Il romanzo non è una storia fine a sé stessa, che può essere circoscritta ai confini della Sardegna, anzi possiamo affermare che quel che vale per la Sardegna vale anche per il resto dell'Italia di allora, e non solo: lo testimonia la grande e lunga notorietà che il romanzo ha avuto in tutto il mondo.

La trama
In un villaggio sardo, Galtellì, non lontano
dalla foce del Cedrino, sulla costa
tirrenica della Sardegna, vive la nobile famiglia Pintor: padre, madre e
quattro figlie. Il padre, Don Zame, rappresentato come rosso e violento come
il diavolo, è un uomo superbo e orgoglioso, anche prepotente e soprattutto
geloso dell'onore della famiglia e ne protegge il prestigio e la nobile
reputazione che gode in paese.
Le donne, dedite ai lavori domestici,
restano a casa. A questa condizione femminile si ribella solo Lia, la terza
delle sue figlie, la quale, trasgredendo le regole imposte dal genitore, fugge
sulla penisola per "prender parte alla festa della vita".
Approda a Civitavecchia, dove si
sposa e ha un figlio.
Don Zame sembra impazzire per lo
scandalo: "Un'ombra di morte gravò sulla casa: mai nel paese era
accaduto uno scandalo eguale; mai una fanciulla nobile e beneducata come Lia
era fuggita così."
Il padre, mentre va alla ricerca della
figlia, viene trovato misteriosamente morto sul ponte all'uscita dal paese. Il
fatto criminoso resterà avvolto in una sorta di mistero: disgrazia o delitto?
Quando il romanzo ha inizio, le dame
Pintor: Ruth, Ester e Noemi, assistono rassegnate al declino della loro
giovinezza, abitano in una casa oramai cadente e sono rimaste proprietarie di
un unico, piccolo podere appena sufficiente per il loro sostentamento.
La vita delle Pintor scorre in una
mestizia malinconica nella quale
sfuma il loro orgoglio, che ha qualche
guizzo di vita soprattutto in Noemi e meno nelle altre due sorelle più anziane,
provate dalla rinuncia e dall'aggravarsi della miseria.
Invano sono protette dalla dedizione
del servo Efix (Efisio è un nome
molto diffuso nel sud della Sardegna e si chiama così uno dei santi patroni
della città di Cagliari), legato a
loro, come il carnefice alla vittima, da un forte senso di colpa (infatti lui
per favorire la fuga di Lia, per cui aveva una devozione appassionata molto
simile all'amore, aveva accidentalmente ucciso il padrone). Egli sogna, con
pazienza e devozione, il rifiorire della casa e della casata.

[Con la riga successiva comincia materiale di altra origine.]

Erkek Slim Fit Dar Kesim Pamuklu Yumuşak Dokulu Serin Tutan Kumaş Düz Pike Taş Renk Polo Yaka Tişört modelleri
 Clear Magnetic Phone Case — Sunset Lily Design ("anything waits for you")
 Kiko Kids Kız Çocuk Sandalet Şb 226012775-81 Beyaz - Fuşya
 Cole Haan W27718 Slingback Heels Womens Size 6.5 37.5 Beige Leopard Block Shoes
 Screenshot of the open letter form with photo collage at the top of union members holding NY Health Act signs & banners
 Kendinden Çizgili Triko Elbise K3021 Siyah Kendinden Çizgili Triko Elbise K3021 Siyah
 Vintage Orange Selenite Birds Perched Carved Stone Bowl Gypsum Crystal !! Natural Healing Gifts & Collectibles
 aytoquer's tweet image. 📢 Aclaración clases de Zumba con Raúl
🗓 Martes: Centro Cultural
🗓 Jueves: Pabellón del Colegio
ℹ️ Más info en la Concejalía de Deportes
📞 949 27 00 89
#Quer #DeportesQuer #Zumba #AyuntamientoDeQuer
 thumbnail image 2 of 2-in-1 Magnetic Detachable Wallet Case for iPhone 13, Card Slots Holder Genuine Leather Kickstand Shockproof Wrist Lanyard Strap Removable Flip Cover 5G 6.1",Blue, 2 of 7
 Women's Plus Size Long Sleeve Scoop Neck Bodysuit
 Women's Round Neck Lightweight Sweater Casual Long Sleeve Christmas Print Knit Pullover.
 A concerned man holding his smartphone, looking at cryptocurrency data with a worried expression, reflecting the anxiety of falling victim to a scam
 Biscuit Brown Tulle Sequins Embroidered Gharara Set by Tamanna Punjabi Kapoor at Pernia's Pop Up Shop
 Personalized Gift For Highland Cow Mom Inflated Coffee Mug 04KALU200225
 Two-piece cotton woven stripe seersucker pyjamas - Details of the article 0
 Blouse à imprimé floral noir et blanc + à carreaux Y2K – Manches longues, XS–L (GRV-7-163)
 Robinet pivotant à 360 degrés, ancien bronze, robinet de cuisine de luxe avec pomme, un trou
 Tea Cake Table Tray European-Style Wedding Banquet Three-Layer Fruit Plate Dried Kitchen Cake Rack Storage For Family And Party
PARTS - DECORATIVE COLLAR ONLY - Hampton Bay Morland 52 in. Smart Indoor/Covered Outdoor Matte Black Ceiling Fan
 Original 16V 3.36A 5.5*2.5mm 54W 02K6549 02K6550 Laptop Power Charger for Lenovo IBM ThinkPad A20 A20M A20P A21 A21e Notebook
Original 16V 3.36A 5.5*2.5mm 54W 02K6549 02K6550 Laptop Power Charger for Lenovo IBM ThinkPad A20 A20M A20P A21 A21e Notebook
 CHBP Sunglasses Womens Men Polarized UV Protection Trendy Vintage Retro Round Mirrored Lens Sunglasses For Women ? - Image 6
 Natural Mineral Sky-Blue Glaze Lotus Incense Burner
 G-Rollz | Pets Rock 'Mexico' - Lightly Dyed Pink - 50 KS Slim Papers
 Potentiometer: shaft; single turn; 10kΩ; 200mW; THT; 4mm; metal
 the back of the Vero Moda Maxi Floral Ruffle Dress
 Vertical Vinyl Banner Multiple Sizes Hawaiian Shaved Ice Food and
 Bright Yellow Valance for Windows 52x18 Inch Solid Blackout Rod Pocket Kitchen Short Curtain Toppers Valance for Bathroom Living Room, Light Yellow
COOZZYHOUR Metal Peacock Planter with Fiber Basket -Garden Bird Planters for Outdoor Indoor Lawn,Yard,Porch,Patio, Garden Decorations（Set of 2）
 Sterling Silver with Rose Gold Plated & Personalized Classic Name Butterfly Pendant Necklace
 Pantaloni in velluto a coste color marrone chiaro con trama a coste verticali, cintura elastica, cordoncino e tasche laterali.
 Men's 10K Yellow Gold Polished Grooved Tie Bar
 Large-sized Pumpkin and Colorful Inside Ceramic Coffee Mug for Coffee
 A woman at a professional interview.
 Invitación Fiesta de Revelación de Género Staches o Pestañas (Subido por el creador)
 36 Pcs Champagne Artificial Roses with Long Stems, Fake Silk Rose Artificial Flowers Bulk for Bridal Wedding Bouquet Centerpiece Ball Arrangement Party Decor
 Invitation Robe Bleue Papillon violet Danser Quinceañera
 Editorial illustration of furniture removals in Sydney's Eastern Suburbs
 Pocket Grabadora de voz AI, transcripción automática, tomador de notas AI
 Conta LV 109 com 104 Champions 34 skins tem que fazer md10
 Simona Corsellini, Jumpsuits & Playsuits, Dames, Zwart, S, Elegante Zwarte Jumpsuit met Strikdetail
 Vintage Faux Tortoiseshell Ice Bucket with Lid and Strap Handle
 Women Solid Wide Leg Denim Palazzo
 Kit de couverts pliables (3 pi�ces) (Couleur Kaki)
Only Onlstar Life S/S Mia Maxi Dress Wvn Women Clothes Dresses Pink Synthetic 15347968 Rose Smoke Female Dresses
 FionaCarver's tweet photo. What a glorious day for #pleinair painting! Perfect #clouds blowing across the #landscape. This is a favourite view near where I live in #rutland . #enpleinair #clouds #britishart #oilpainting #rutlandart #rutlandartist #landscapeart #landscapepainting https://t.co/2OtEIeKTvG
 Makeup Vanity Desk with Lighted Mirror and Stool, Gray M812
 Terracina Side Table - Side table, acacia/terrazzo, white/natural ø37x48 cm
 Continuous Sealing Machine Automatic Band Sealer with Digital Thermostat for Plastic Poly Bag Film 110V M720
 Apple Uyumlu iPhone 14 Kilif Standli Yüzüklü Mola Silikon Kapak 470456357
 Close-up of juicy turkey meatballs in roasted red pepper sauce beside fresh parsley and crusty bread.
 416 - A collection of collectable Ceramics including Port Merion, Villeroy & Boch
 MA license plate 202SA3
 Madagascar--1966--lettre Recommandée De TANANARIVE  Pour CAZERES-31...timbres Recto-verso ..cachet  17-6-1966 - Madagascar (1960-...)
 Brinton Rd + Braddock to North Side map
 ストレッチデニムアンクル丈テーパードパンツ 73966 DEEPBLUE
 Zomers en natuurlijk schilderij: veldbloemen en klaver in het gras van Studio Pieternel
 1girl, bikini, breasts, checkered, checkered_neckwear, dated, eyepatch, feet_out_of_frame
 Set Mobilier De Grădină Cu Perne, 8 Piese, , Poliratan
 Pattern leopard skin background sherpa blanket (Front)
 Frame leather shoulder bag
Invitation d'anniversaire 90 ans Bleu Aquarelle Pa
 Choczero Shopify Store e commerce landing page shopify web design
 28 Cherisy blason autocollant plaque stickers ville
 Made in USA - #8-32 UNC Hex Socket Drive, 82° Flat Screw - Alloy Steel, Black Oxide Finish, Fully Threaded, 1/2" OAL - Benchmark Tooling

Una speranza si accende con l'arrivo
di Giacinto.
Nella vicenda vagano molti personaggi
minori, membri della comunità e del gruppo, solidali e partecipi con la loro
primitiva saggezza: le giovani coetanee di Giacinto, i coetanei delle Pintor,
di Efix. Le reazioni all'arrivo di Giacinto sono minutamente descritte nei vari
meccanismi di accettazione e rifiuto, finché l'amore finisce per ristabilire un
nuovo equilibrio, che ciascun membro della comunità paga con la propria
esperienza e in misura adeguata al proprio ruolo.
Sono numerose le pagine memorabili del
romanzo che possono restare impresse nell'animo del lettore: partendo dal
personaggio di Efix e il suo mondo interiore, le sue riflessioni e le fantasie,
gli interni della casa, il paesaggio, i santuari e le feste, la iniziazione
difficile di Giacinto, l'amore di Noemi e quello di Grixenda per lui, quello
riconoscente delle dame per Efix, che si conclude nello splendido attittidu
(canto narrativo) della fine, quando donna Ester parla come in una nenia
funebre al servo morto, lo apostrofa e ne veste il cadavere leggero, sola nella
grande casa allietata dalle nozze di Noemi col cugino don Pedru.